Shepherding a Child’s Heart  contains something very different.
The book teaches you what your goals as a parent ought to be, and
how to pursue those ends practically. It teaches you how to engage
children about what really matters, how to address your child’s heart
by your words and actions. It teaches you how communication and
discipline work together when parents love wisely. It teaches you how
your objectives shift as infants grow into children and as children
grow into teenagers. Shepherding a Child’s Heart  will humble you. It
will inspire you to become a different kind of parent. It will teach you
how by precept and example.
Most books on parenting actually don’t understand what children
—or parents—are really like. Their advice builds on a foundation
untrue to Scripture, untrue to human reality. Their bits of good advice
mingle with bits of bad advice because the overarching vision is
faulty; their bits of good advice totter or misfire because the
balancing elements of wise parenting are neglected. Tedd Tripp’s
book on parenting is different. The cornerstone is accurately aligned.
Shepherding a Child’s Heart  understands you and your children truly,
so it leads in straight and wise paths. Tripp gives you a vision and he
makes it practical. You can’t ask for more.
Tedd Tripp is a seasoned parent, pastor, counselor, and school


principal. But more than that, he is a man who has listened well to
God and has wrestled out what it means to raise children. Listen well
to him, and wrestle out what it means to shepherd your child’s heart.
David Powlison
Christian Counseling and
Educational Foundation
Laverock, PA


Introduction
Jennifer was failing to do her homework. Her teacher called
Jennifer’s folks to solicit help. But her parents could not help.
Twelve-year-old Jennifer would not obey them. Jennifer was not
under their authority. They had hoped that school would provide the
direction and motivation they had not been able to provide for their
daughter.
This story is not unusual. By age ten to twelve, scores of children
have already left home. I am not referring to the tragic “Times Square
kids” in New York City or your community. I refer to numbers of
children who, by age ten to twelve, have effectively left Mom or Dad
as an authority or reference point for their lives.
Our culture has lost its way with respect to parenting. We are a
rudderless ship without a compass. We lack both a sense of direction
and the capacity to direct ourselves.
How has this happened? Several problems have converged at this
intersection in our time and culture.
Many people have children, but do not want to be parents. Our
culture has convinced them that they need to quench their personal
thirst for fulfillment. In a self-absorbed culture, children are a clear
liability.
Thus, parents spend minimal time with their children. The notion
of quality time is more attractive than the old idea of quantity time.
Today’s parents are part of the generation that threw off authority.
The racial and antiwar protests of the 1960s powerfully shaped their
ideas. The protest movement took on the establishment. It changed
the way we think about authority and the rights of the individual.

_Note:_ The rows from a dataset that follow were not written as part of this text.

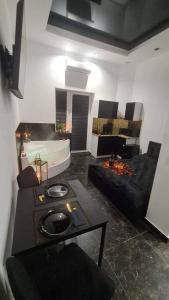 Posedenie v ubytovaní Apartament Czarny z Jacuzzi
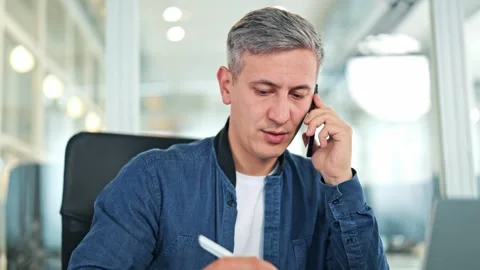 Focused Businessman Talking On Phone While Working In Modern Office Stock-Footage 320036834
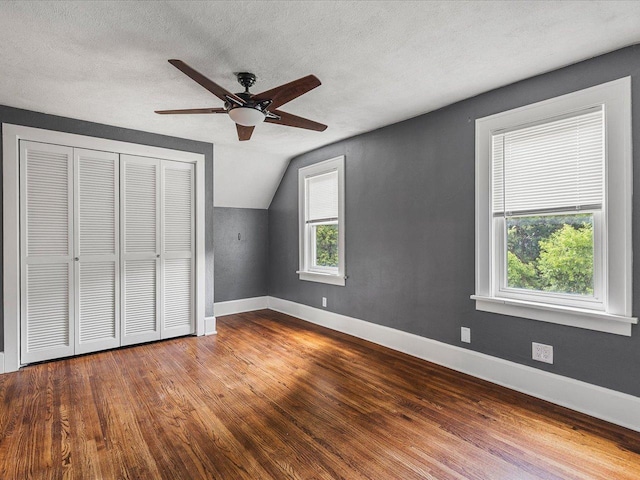 1639 Arlington Ave, Rockford, IL 61107 - unfurnished bedroom with vaulted ceiling, wood finished floors, a closet, a textured ceiling, and ceiling fan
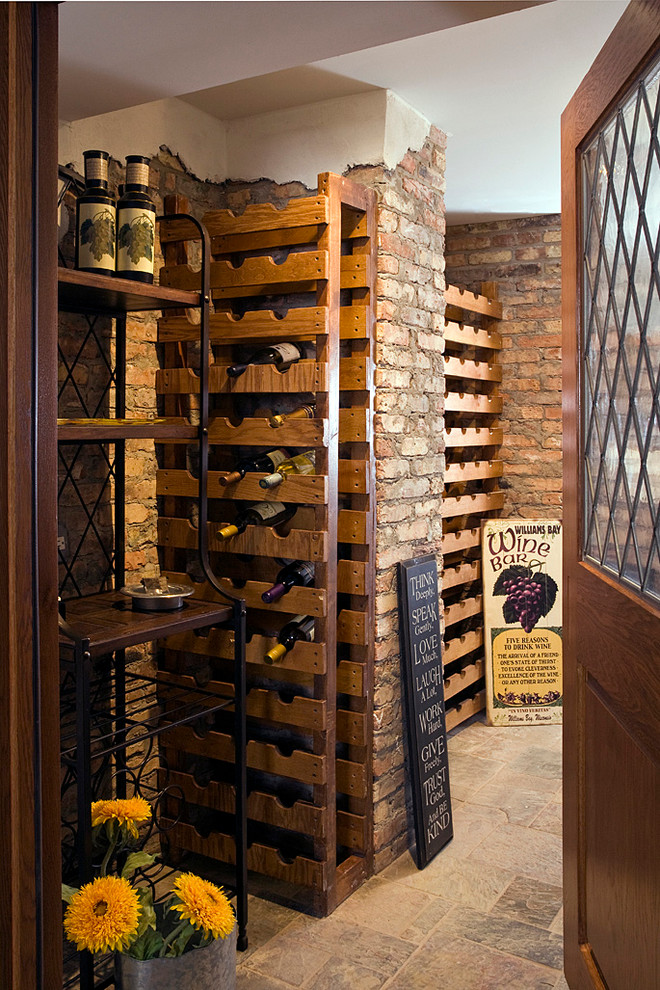 Inspiration for an expansive traditional wine cellar in Chicago with porcelain floors and storage racks.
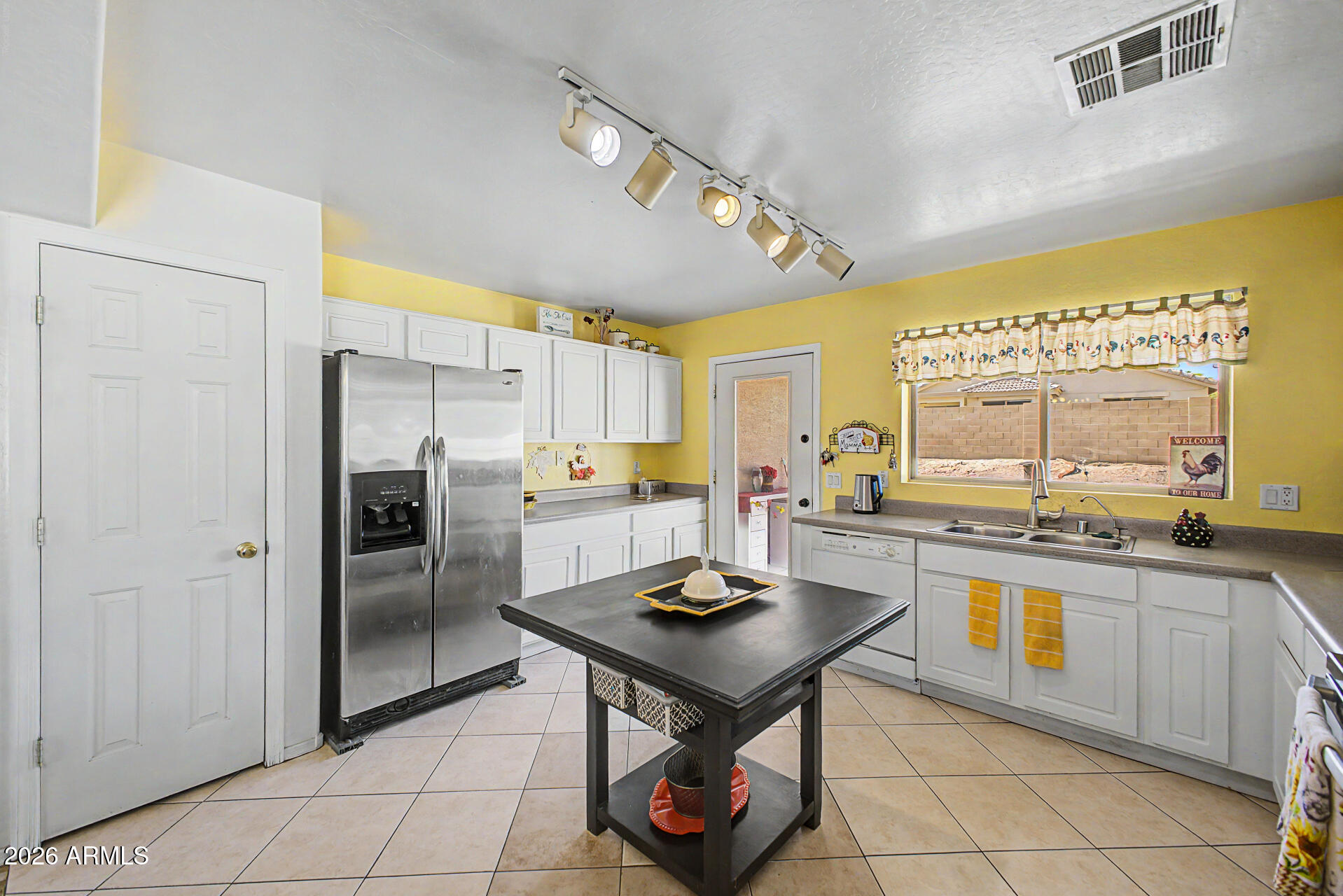 17236 West Durango Street Goodyear, AZ 85338 - Photo 7 of 14 a kitchen with stainless steel appliances granite countertop a sink a stove and refrigerator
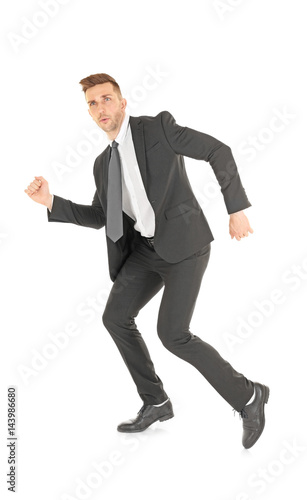 Handsome running businessma...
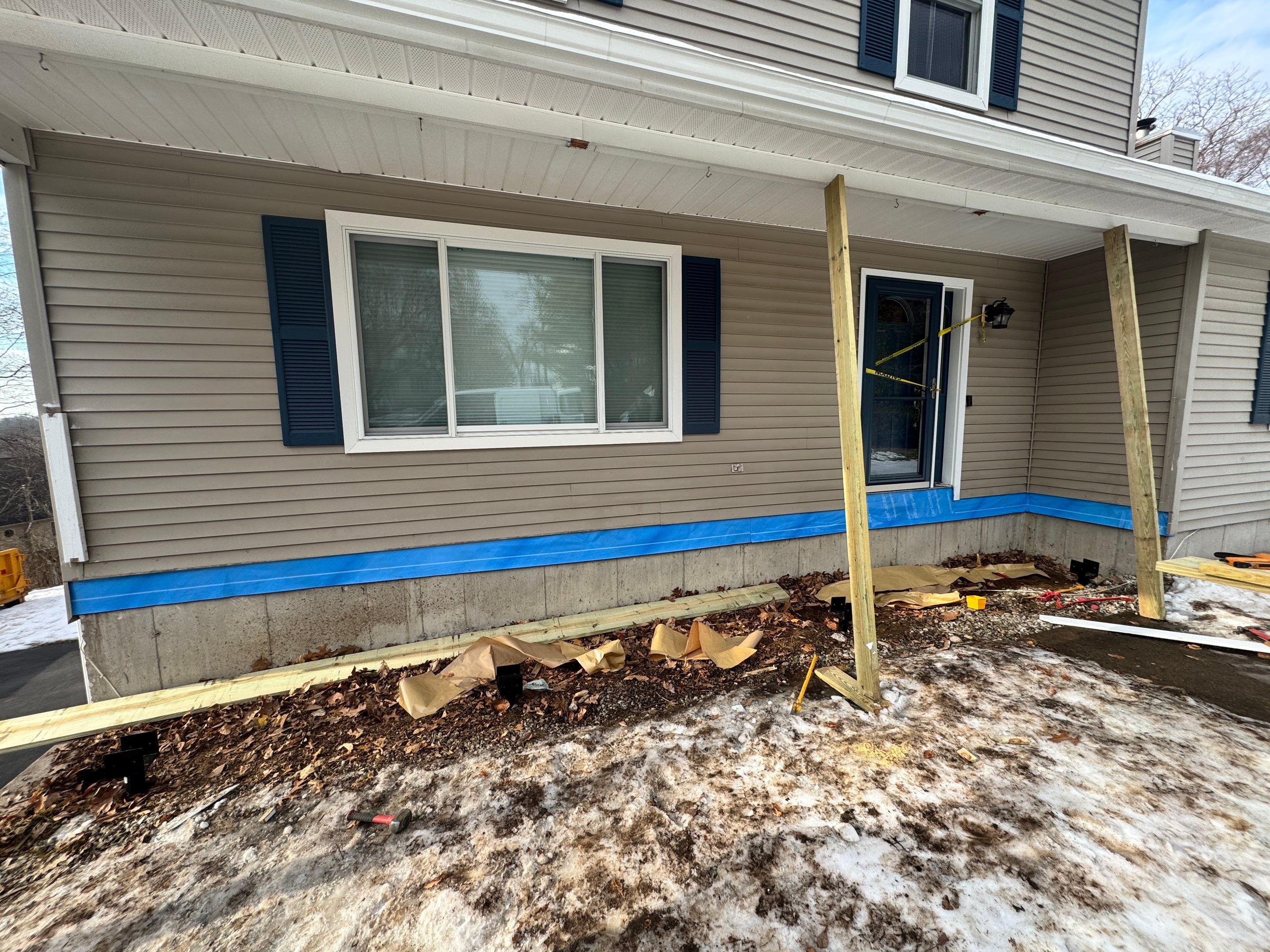Replacement front porch using Trex Tropical Island mist and White composite railings. Includes lattice bottom. by DiGiorgi Roofing and Siding Inc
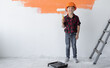 © Andrii Lysenko - a little boy dressed in an orange safety helmet holds a roller in his hands. Home renovation concept.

As a result, it is no longer culturally acceptable for Dad to be the
“boss” at home. Mom doesn’t obediently do what Dad says, or at least


pretend she does. Dad, for his part, no longer lives in fear of the boss
or of being fired through caprice. Yesterday’s bosses used authority to
accomplish their goals. Today’s bosses use bonuses and incentives.
What is my point? Simply this: Children raised in this climate no
longer sit in neat rows in school. They no longer ask permission to
speak. They no longer fear the consequences of talking back to their
parents. They do not accept a submis-sive role in life.

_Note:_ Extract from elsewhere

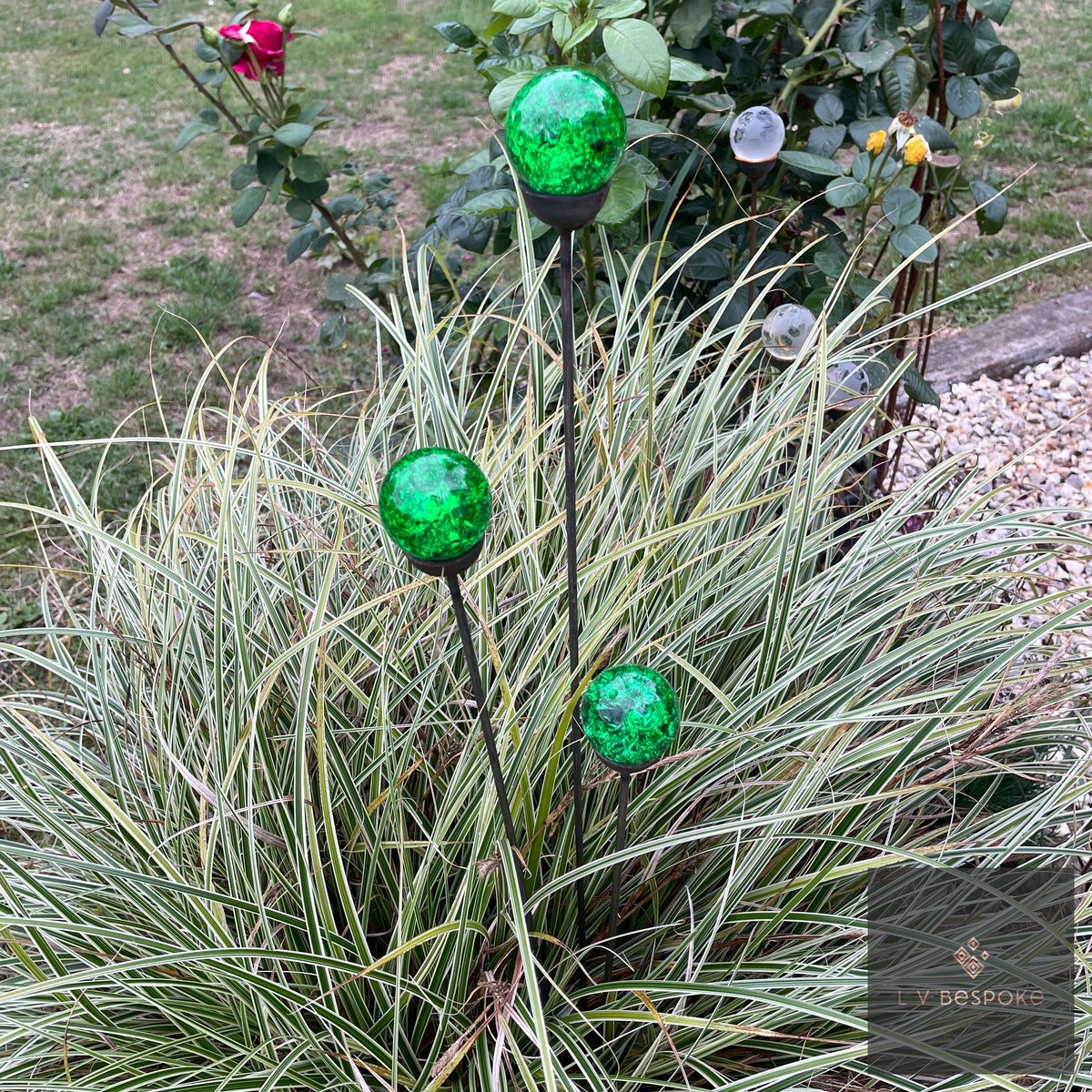 Glass Orb Cluster – green crackle-glass orbs above variegated ornamental grass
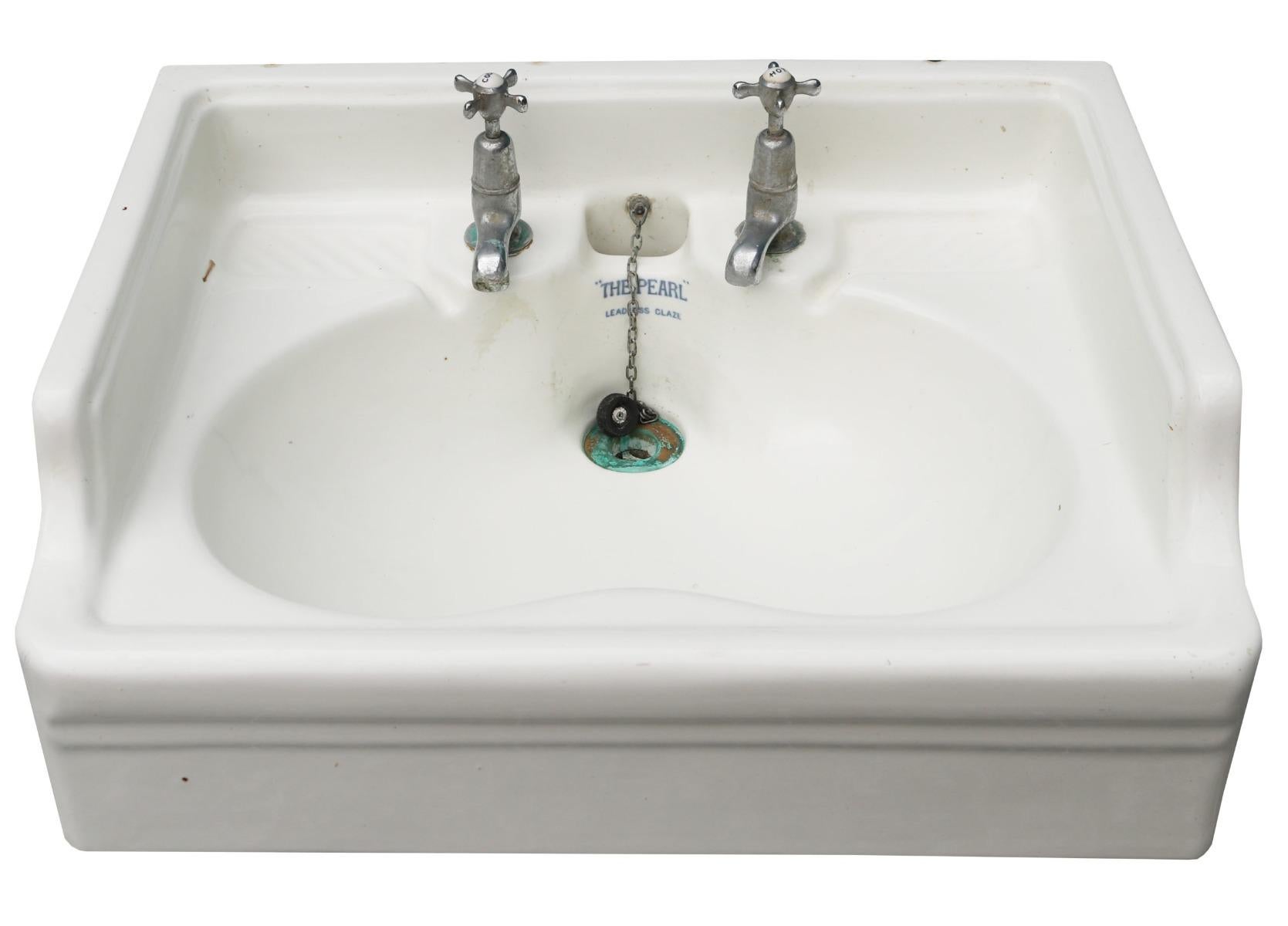 An antique bathroom sink with chrome plated taps, chain, waste and plug. We have three near identical basins available.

How does this bear on parenting? The old ways of parenting no
longer work. Old authoritarian ways are ineffective, but we do not
know any new ways to do the job.
The church borrowed the old “you listen to me, kid, or I’ll cuff
you” method of raising children. It seemed to work. Children seemed
to obey. They were externally submissive. This method fails us now
because our culture no longer responds to authority as it did a
generation ago. We lament the passing of this way of rearing children
because we miss its simplicity. I fear, however, we have overlooked
its unbiblical methods and goals.
Today’s parents are frustrated and confused. Children don’t act
like they should and parents don’t understand why. Many have
concluded the job is impossible. Some simply turn away in
frustration. Others keep trying to make the old 1950s John Wayne
approach work. Meanwhile, a generation of children is being wasted.

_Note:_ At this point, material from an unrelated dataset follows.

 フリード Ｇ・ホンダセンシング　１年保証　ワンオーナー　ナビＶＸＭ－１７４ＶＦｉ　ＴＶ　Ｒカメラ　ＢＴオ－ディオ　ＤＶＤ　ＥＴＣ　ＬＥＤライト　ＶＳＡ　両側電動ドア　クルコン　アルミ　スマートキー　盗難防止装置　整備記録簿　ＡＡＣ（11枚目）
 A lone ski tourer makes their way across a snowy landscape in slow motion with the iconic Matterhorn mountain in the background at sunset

Our evangelical culture is nearly as lost as the society at large. We
are losing our children. Parents of little children live in mortal fear of
adolescence. Parents of teens continually remind them that their day
is coming. When I had three teenage children, people would console
me. The expectation is that the problems grow with the children.
This book, however, asserts hope for the situation. You can raise
children in godly ways at the beginning of the 21st century. You need
not—indeed, you dare not—cave in, concluding that the task is
impossible. Experience may tell you failure is inevitable, but
experience is an unsafe guide.


The only safe guide is the Bible. It is the revelation of a God who
has infinite knowledge and can therefore give you absolute truth. God
has given you a revelation that is robust and complete. It presents an
accurate and comprehensive picture of children, parents, family life,
values, training, nurture, and discipline—all you need to be equipped
for the task of parenting.
God’s ways have not proved inadequate; they are simply untried.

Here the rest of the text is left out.